Within a year, the vacuum tube is made obsolete with Exhibit B.  Exhibit B is a basic transistor.  For a fraction of the size, materials, and cost it takes over all the functionality of the previous vacuum tube.  With as small as Exhibit B is, what you see in the diagram is mostly just plastic.  The microscopic core at the components center is where the actual transistor sits.  And as the years progress and manufacturing techniques improve, transistors continue to get smaller and smaller at a consistent rate.  They quickly became small enough that we could fit the equivalent of the ENIAC on a single microchip.
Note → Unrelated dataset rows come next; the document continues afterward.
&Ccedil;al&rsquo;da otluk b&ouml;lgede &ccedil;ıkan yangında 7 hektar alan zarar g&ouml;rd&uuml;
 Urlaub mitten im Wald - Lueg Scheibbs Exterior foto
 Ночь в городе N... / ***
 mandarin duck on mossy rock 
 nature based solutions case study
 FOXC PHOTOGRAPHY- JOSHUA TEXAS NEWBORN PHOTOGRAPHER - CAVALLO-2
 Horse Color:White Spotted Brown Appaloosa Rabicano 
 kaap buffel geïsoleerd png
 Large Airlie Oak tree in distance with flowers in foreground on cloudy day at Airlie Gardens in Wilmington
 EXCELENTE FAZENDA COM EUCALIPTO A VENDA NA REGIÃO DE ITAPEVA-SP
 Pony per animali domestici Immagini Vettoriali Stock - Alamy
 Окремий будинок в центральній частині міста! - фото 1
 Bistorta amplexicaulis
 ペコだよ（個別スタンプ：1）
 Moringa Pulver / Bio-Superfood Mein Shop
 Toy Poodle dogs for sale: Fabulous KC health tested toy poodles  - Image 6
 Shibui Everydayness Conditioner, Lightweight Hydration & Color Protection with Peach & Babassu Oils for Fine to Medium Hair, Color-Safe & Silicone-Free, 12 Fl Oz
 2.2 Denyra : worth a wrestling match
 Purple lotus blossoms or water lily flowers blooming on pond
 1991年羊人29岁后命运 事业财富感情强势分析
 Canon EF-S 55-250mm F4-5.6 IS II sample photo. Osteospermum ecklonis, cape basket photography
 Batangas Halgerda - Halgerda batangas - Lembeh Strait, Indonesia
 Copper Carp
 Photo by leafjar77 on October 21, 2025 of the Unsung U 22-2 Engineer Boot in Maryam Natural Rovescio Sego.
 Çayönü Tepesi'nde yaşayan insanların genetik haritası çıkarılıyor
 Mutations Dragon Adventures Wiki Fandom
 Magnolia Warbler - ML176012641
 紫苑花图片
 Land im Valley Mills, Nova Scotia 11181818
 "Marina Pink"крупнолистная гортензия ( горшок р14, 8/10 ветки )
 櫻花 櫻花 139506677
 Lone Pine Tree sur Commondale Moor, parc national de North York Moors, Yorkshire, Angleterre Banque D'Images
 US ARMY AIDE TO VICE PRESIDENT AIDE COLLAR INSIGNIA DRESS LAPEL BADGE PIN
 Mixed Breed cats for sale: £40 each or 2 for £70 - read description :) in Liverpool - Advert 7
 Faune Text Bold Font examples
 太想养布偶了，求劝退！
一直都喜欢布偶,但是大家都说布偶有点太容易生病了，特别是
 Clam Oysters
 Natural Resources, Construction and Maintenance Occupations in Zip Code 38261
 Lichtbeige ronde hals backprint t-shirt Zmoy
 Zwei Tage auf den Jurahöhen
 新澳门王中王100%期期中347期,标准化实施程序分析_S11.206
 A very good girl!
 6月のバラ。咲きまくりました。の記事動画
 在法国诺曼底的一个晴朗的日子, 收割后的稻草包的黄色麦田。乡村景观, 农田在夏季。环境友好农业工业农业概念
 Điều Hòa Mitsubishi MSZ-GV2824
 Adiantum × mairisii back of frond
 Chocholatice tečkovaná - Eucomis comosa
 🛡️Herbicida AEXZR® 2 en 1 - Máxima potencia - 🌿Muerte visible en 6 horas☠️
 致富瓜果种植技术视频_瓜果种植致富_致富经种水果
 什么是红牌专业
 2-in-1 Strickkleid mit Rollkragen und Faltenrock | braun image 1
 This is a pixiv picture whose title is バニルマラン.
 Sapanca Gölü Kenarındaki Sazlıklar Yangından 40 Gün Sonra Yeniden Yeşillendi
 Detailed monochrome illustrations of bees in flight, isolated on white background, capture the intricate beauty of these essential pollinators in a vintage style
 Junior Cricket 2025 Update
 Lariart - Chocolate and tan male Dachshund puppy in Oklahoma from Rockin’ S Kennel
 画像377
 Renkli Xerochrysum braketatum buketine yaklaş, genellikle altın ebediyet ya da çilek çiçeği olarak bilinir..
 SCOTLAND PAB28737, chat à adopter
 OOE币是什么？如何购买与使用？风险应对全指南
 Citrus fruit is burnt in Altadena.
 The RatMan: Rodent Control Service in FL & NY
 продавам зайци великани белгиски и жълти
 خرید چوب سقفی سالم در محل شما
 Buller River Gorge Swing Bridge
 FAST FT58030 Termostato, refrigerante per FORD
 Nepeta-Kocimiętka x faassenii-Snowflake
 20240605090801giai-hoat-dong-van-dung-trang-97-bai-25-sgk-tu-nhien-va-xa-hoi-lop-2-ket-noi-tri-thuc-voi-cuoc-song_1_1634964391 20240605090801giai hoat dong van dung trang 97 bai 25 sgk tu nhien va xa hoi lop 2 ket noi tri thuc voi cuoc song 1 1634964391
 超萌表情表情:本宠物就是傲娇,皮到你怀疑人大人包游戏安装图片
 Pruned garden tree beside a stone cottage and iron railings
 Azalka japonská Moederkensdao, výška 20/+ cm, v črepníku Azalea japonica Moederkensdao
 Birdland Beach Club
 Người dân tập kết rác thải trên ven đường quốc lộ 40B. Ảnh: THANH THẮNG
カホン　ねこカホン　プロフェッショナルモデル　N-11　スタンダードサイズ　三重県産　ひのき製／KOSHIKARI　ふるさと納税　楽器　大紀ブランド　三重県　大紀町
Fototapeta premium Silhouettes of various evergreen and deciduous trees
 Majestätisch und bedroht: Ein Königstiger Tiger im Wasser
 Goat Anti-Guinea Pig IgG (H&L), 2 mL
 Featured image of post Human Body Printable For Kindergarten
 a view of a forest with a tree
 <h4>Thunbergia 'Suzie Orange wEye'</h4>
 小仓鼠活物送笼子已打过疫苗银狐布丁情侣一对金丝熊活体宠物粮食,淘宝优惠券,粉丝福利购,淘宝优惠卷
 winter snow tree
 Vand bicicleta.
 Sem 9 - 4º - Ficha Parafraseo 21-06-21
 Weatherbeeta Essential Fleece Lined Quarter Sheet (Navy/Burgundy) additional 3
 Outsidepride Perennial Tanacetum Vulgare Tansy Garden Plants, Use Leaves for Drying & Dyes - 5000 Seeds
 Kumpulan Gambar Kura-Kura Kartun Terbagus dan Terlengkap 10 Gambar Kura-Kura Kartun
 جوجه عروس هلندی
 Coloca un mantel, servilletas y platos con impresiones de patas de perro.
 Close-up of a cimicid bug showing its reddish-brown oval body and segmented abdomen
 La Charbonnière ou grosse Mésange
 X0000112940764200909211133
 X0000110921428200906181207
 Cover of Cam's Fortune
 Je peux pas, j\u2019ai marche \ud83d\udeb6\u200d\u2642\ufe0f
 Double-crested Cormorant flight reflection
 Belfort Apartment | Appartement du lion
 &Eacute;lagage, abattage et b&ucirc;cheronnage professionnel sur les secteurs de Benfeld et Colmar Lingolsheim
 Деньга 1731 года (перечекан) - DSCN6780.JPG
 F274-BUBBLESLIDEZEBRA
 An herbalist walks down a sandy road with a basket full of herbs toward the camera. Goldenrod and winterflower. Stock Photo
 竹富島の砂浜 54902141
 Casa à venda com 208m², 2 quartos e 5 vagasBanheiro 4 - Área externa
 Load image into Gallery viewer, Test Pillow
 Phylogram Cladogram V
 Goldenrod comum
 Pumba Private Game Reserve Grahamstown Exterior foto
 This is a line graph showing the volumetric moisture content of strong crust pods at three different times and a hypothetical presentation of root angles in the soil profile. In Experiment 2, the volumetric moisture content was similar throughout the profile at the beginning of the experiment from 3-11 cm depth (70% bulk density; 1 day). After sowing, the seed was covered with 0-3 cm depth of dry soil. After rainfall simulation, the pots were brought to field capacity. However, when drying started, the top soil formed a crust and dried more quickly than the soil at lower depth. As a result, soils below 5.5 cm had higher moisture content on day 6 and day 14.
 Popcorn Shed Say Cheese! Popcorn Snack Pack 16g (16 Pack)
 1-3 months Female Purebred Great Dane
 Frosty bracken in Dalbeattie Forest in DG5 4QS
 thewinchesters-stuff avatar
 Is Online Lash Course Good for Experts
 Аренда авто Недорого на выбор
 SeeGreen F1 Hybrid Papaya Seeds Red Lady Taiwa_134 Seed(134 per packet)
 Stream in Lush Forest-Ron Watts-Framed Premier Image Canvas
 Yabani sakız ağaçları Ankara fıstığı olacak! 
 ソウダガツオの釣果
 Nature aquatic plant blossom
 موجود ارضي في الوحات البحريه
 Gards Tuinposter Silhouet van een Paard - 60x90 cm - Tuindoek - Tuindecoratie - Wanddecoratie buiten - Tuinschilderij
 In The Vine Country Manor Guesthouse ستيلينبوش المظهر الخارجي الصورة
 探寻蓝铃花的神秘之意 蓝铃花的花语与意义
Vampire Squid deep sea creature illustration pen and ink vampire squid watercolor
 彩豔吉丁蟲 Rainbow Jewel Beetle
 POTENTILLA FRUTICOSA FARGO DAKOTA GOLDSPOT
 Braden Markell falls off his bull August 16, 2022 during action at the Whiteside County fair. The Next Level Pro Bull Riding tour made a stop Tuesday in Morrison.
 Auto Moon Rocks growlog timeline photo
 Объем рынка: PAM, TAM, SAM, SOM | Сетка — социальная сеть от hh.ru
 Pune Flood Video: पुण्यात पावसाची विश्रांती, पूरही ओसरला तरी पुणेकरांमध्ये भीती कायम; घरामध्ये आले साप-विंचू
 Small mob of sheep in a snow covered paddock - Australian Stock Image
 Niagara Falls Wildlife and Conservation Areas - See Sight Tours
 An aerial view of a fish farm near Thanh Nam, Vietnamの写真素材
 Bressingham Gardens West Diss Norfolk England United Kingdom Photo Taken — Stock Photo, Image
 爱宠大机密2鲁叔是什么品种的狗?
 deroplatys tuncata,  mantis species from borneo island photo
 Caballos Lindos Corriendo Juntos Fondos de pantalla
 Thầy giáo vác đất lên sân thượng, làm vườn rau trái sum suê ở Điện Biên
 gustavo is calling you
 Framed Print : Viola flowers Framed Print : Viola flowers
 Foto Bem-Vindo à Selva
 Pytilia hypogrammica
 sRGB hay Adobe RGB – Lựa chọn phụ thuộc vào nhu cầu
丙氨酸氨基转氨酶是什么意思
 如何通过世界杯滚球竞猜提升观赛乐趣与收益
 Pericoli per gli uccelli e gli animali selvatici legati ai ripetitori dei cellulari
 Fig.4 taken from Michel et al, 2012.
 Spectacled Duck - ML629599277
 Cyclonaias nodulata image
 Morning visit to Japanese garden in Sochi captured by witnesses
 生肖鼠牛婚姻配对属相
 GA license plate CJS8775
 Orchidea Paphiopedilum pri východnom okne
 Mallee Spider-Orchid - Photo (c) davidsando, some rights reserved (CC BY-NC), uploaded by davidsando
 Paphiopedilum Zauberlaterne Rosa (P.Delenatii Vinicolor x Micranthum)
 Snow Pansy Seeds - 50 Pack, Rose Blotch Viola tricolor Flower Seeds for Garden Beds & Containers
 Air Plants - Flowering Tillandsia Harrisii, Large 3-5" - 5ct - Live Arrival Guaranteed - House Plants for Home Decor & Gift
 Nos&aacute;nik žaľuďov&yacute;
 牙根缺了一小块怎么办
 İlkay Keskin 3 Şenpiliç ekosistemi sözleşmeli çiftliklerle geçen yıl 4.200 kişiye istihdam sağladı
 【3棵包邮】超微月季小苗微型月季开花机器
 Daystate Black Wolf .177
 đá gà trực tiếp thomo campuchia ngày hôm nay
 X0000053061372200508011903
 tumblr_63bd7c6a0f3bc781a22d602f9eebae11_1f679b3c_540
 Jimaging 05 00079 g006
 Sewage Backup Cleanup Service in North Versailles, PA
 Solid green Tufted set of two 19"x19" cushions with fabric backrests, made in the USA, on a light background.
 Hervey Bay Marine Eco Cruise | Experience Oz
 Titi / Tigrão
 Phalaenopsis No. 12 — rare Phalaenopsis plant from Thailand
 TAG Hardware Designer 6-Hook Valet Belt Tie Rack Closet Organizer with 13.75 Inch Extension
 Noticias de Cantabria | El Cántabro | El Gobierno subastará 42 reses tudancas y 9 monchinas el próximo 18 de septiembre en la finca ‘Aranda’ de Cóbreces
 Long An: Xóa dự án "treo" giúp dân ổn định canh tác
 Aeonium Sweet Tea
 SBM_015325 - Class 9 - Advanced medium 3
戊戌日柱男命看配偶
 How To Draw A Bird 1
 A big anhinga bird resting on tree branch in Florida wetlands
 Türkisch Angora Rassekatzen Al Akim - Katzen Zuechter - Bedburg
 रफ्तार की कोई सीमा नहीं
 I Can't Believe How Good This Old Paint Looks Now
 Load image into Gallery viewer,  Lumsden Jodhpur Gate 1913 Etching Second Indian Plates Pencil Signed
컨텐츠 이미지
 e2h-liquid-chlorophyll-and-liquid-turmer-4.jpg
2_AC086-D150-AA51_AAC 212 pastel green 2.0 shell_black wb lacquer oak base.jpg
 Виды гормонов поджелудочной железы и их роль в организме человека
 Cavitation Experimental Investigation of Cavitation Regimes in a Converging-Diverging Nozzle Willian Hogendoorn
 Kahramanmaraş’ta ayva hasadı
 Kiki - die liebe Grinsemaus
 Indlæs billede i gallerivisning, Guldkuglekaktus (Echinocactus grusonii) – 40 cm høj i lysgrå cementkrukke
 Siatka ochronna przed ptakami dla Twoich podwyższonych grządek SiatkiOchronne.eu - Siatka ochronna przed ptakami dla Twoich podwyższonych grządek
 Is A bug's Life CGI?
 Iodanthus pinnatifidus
By 1965, Gordon E. Moore, co-founder of Intel, had taken noticed of how quickly transistors were shrinking.  He postulated that the transistor will continue to shrink so predictably that quantity of transistors on a processor will double every two years.  So far he has be complete correct.  Exhibit C shows the original Intel Pentium processor that was released in 1993.  At this point we have 3.1 Million transistors.  Despite the appearances, these 3.1 million transistors is not spread out over the entire 2 inch ceramic plate that is shown.  If we were to look at the inside of the processor, the 3.1 million transistors have been fit on a flat piece of silicon, no larger than a dime.

Now 15 years after the release of the Pentium, Moore’s law is still valid with no sign of slowing down.  Today’s microprocessors have as many transistors as there are people on this planet.  So to truly appreciate the wonderful machine sitting on your desk allowing you to read this article, I ask you to take a moment to try to imagine it in proper context.  Picture your computer with vacuum tubes instead of transistors.  The equivalent machine would be a metal box sizing nearly 8.4 square miles in size.